天才物理学者・湯川学をメインキャストにして、同級生の警視庁捜査一課の刑事・草薙と、彼の部下の女性刑事・内海薫が、現代科学をつかった難事件を、その科学的知識と推理力で謎解きをしていくミステリーで、福山雅治主演のドラマとして人気の衰えない「探偵ガリレオ」シリーズの第5弾が「東野圭吾「聖女の救済」(文春文庫)」です。

「聖女の救済」は、フジテレビの「ガリレオ・シリーズ」の第2シリーズの最終作として、前・後編の仕立てで、殺害された真柴義孝役に堀部圭亮、その妻・綾音役に天海祐海役というキャストで2013年にリリースされています。

前作「ガリレオの苦悩」で草薙の後輩女性刑事として捜査一課のメンバーに加わってきた「内海薫」が警察組織の男尊女卑体質に反感をもちながらも一課内でその推理力を発揮するとともに、湯川の操縦の仕方を身に付け始めているのが本巻です。

あらすじと注目ポイント

物語は、結婚一年目を迎えているIT関連の会社を経営している真柴義孝と、人気のパッチワーク教室を運営しているその妻・綾音が、子供ができないことを理由に自宅の2階で離婚の話をしているところから始まります。わずか1年の間に子供ができる兆候が見えないことで離婚する、といったことや、自宅の1階では会社の顧問弁護士の猪飼夫妻と綾音のアシスタントの若山宏美をよんで、猪飼夫妻の妊娠を祝うホームパーティーを開いている最中ということを考えると、この真柴義孝という人物が仕事もでき、魅力的な男性ではあるものの、相手の気持ちはほとんど考えない人物であろうことが想像できます。

で、事件のほうは、このホームパーティーから数日後におきます。真柴からの離婚の申し出に対して心を鎮めるため、実家の北海道に「綾音」が帰省している中、アシスタントの若山宏美が、真柴邸のリビングで倒れて、死んでいる義孝を発見します。

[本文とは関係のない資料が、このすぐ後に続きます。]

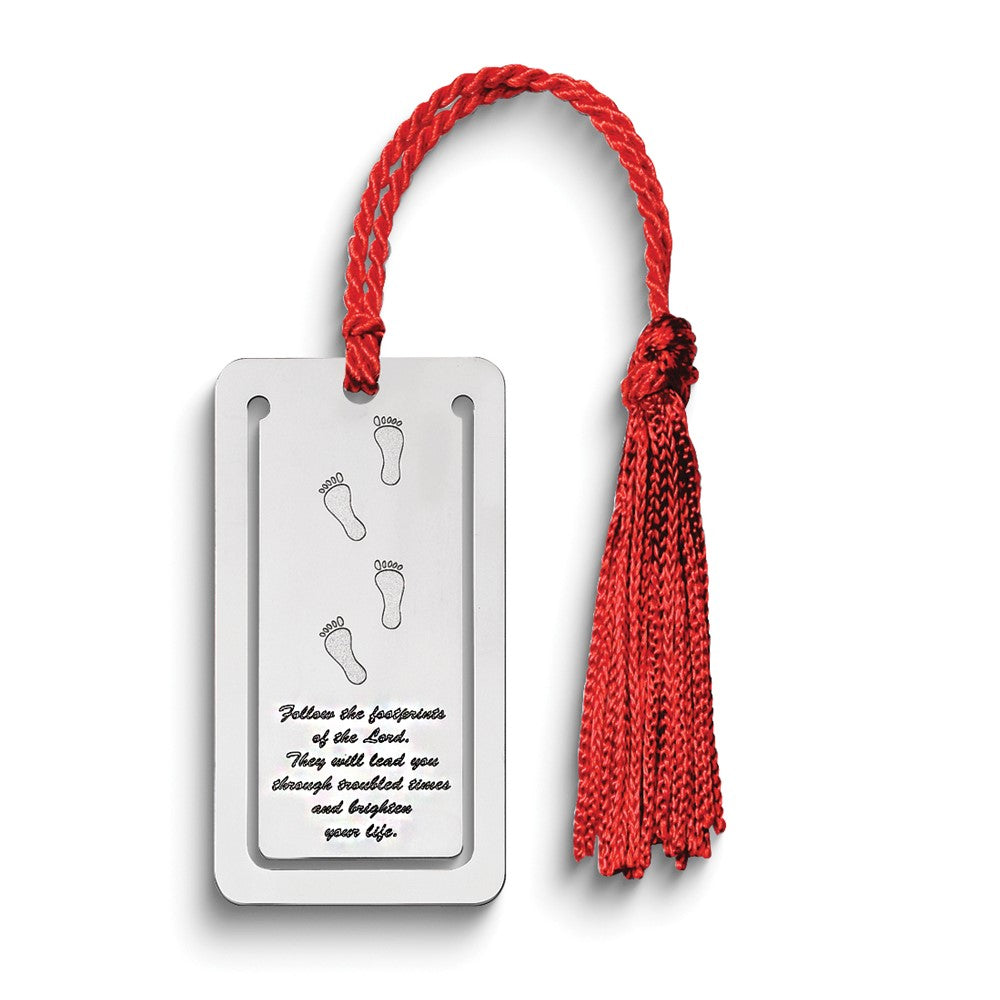 Sterlingsilber Rhodiniert Footprints Poem Book Mark mit Tassel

実は、義孝と宏美は不倫関係にあって、綾音が留守にしたのを利用して自宅で会っていたのですが、この時も講師を勤めているパッチワークのカルチャー教室の終了後、真柴邸へやってきて、コーヒーを飲んで死んでいる義孝を見つけたというわけですね。

そして、普通なら、なんらかの体の不調による突然死と片づけられるところですが、事故死であるため、念のため検死したところを、「ヒ素」による死亡であることがわかり、毒殺事件として、草薙たち捜査一課のメンバーが関わることとなり、という展開です。

捜査は、自宅内から「ヒ素」は見つからず、また、コーヒーをいれたポットに付着した水滴からヒ素が検出されたことから、北海道に行っていた綾音を除いて、不倫のため何度か真柴邸を訪れていた宏美が第一容疑者として取り調べが始まるほか、何者かが留守中に屋敷内に忍び込み、ヒ素をポットの中に混入させたのでは、という線で進められます。

宏美のアリバイが強固なことから、外部犯の侵入説を捜査の中心に据えようとする草薙に対し、草薙が真柴の妻「綾音」に魅かれつつあることに気づいた内海は、捜査が歪む危険性を感じ、湯川に捜査協力を頼みにいき、ここから探偵ガリレオの推理劇が本格的にスタートしていくこととなります。

しかし、凶器となった「ヒ素」は見つからず、さらに真柴邸の水道や浄水器、ペットボトルなどからも検出されず、ヒ素入りのコーヒーをどうやって被害者に飲ませたのか全く手がかりがみあたりません。

そんな中、内海は容疑者として浮上してこなかった「綾音」が北海道に帰省する前に使ったシャンパングラスをキッチンに置いたままにしていた等、なにかもやもやとした疑惑が払拭できず、彼女の疑惑をきっかけに、湯川がある推理を働かせ、ひとつの仮説へと辿り着いてきます。しかし、彼によるとその仮設は「虚数解」で理論的には考えられるが、現実的にはありえない代物で、虚数解でないとすると「完全犯罪だ」というのですが・・という展開です。「聖女の救済」という言葉のもつ「女性の怖さ」が謎解きのところで伝わってくるので、そこは覚悟して読み進めてくださいね。

少しネタバレしておくと、事件がおきた後、綾音に頼まれて草薙が真柴邸の2階に置いてあるたくさんのプランター栽培の植物に水やりをしているのですが、草薙らしくないこの行動が、犯人の犯行を裏付ける重要な証拠に結びついていきます。

レビュアーの一言

今回の物語「聖女の救済」は「ガリレオの苦悩」に続く第5弾となっているのですが、作中で、草薙に内緒で湯川に事件の相談を持ってくる内海に対して「捜査一課の仕事にはなれたかい?」と声をかけたり、内海の依頼に対し「今回、君から電話をもらった時、僕は一旦断った。もう警察の仕事には関わらないとね。」といっているところから考える、湯川が犯人から襲われた「悪魔の手」事件の後ではなく、、湯川の行動によって優れた数学者を葬ってしまった「容疑者Xの献身」のしばらく後、「ガリレオの苦悩」の第一章「落下る」で内海薫と一緒に捜査したすぐ後ぐらいかな、と思います。

「落下る」の最後で、湯川の実験に粘り強く付き合った内海を評して「彼女はいい刑事になるよ」と誉めているのですが、この好評価が、今回の湯川の捜査協力につながるとともに、これ以後の湯川・内海コンビの強い絆につながっているのかもしれません。